> [Required action] In the entries that follow, find the line containing "Prada Borsa a" and the line containing "ΠΟΛΥΘΡΟΝΑ ΠΟΛΥΠΡΟΠΥΛΕΝΙΟΥ FB96240.01", then retype exactly the lines from the first through the second, pictures excluded.

> [Information supplied]
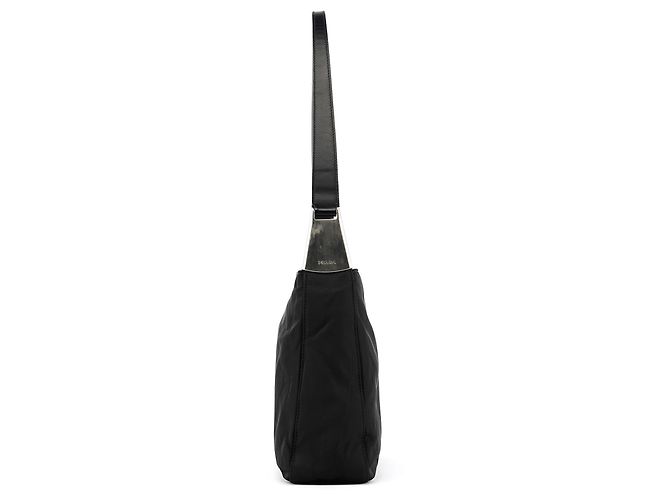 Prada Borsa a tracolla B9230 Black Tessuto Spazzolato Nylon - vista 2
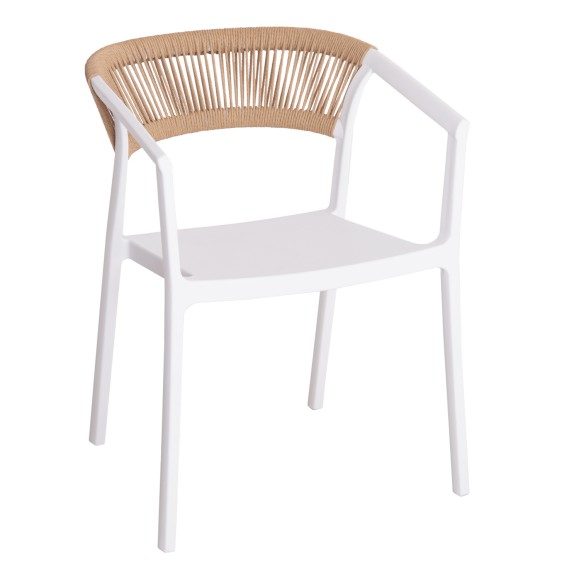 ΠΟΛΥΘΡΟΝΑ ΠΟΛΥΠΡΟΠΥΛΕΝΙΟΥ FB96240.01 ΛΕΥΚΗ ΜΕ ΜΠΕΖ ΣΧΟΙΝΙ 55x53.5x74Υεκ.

---

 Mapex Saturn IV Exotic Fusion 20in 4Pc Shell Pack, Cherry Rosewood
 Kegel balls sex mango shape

...

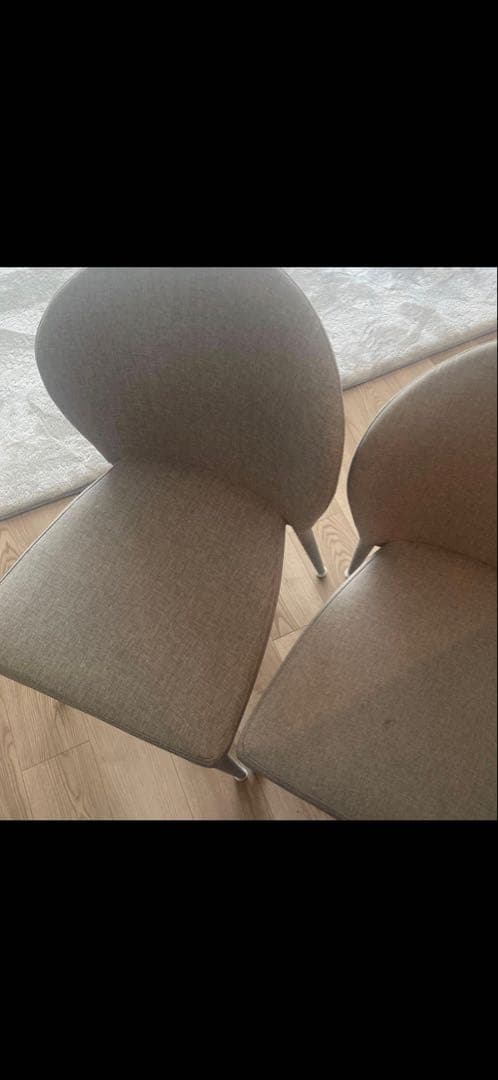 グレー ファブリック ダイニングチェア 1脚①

> [Task output]
 Prada Borsa a tracolla B9230 Black Tessuto Spazzolato Nylon - vista 2
 ΠΟΛΥΘΡΟΝΑ ΠΟΛΥΠΡΟΠΥΛΕΝΙΟΥ FB96240.01 ΛΕΥΚΗ ΜΕ ΜΠΕΖ ΣΧΟΙΝΙ 55x53.5x74Υεκ.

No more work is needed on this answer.